Cosa vogliamo scandalizzarci, dell’attraversamento pedonale rialzato di fronte alla Chiesa della Delibera?! È solo l’ultimo intervento in ordine di tempo, che si aggiunge alle piste ciclabili, alla segnaletica stradale, agli edifici pubblici… Non è da oggi, ma questo è una aggravante. Perché sempre gli stessi amministratori (le stesse forze politiche) da oltre venti anni hanno il “pallino” in mano.
Incapaci davanti alle “piccole cose” quando si sono cimentati con quelle più grandi (sia quelle ereditate che quelle avviate in proprio), apriti cielo!
Affrontare il capitolo delle “infrastrutture” (dai Centri Servizi di via Badino a quello di Calcatore, dall’ascensore alla biblioteca comunale, dal centro sportivo di San Martino alla messa in sicurezza di Monte Calvo, …), vuol dire immergersi in un lungo elenco di “incompiute”, che hanno “disegnato”, sulla pelle del tessuto urbano, ferite indelebili.
L’Appia, Regina viarum.
È di questi giorni la proclamazione dell’Unesco: l’Appia antica, la Regina delle Vie, è patrimonio dell’umanità.
Una strada con duemila anni di storia e 540 chilometri da Roma a Brindisi.
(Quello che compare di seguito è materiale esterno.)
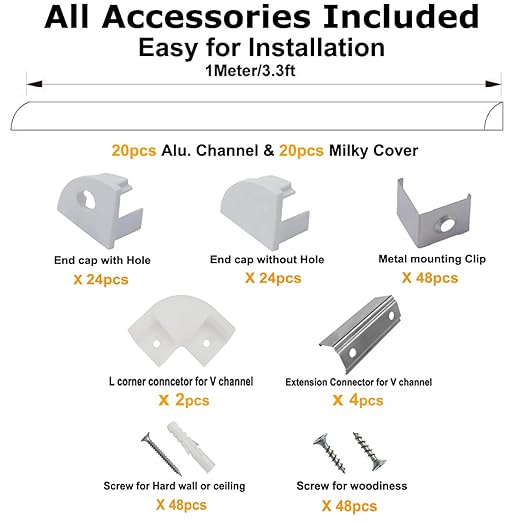 hunhun 20-Pack 3.3ft/1Meter V Shape LED Aluminum Channel System with Milky Cover, End Caps and Mounting Clips, Aluminum Profile for LED Strip Light Installations, Very Easy Installation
Una storia che ha incontrato la nostra città e ha contributo alla definizione della sua identità culturale e civile.
Un grande risultato e una grande sfida. Un progetto ampio che vede coinvolte quattro regioni. Sicuramente ne verrà del bene, soprattutto sull’aumento dei flussi turistici. E perché la cabina di regia non è in questa città, proprio come per il teatro romano. Ma questa situazione deve essere affrontata perché ci sono scelte urbanistiche e di programmazione che competono solo al nostro Comune. Nessuno potrà prenderle al nostro posto.